一部の場合を除いて、日本の二種免許のような旅客輸送のためのライセンスが必要ない米国では、ウーバーが登場してから、これを使って「タクシー業」に参入する個人が相次いだ。それにより、既存のタクシー産業に大きな打撃を与え、倒産したり、売却されたりするタクシー会社があることが報告された。
とはいえ、ウーバーは、とにかく便利なようだ。利用者は「ウーバー・プール」か「ウーバーX」かのサービスはもちろん、大型、高級、ベーシックなどのクラス別をリクエストし、また介護や車いすなどについての希望を添えられる。
利用者からのリクエストを受けると、ウーバー側で付近にいる複数の運転手を探し出しマッチング。
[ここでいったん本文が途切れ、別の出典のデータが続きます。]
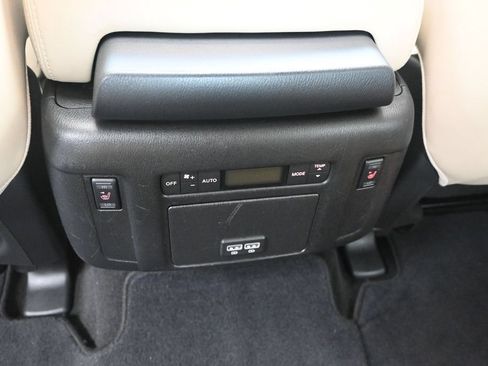 Used 2017 Nissan Armada Platinum w/ Captain Seat Package RWD image 20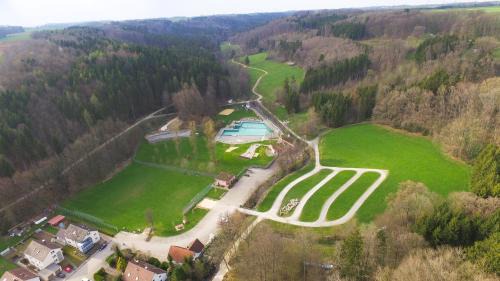Huettlingen Bed & Breakfast | Landgasthof Falken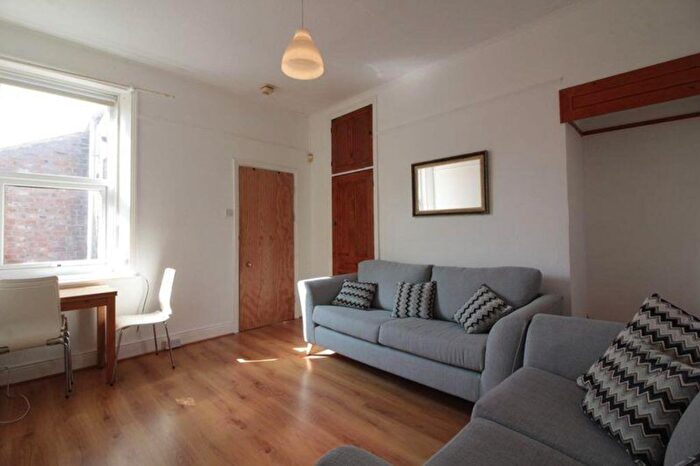 3 Bedroom Flat To Rent In Waldron Road, Harrow-On-The-Hill, Harrow, HA2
運転手のアプリにリクエストの内容が伝えられ、合わせて迎えにいくまでの距離や、リクエストした利用者の乗客としての評価が知らされる。
運転手が応じれば、利用者をピックアップして送り届ける。運賃の支払いは、スマホアプリを通じて処理されるので、キャッシュレス。直後に運転手の銀行口座に振り込まれる仕組みになっている。
利用者も、運転手も手間いらずというわけだ。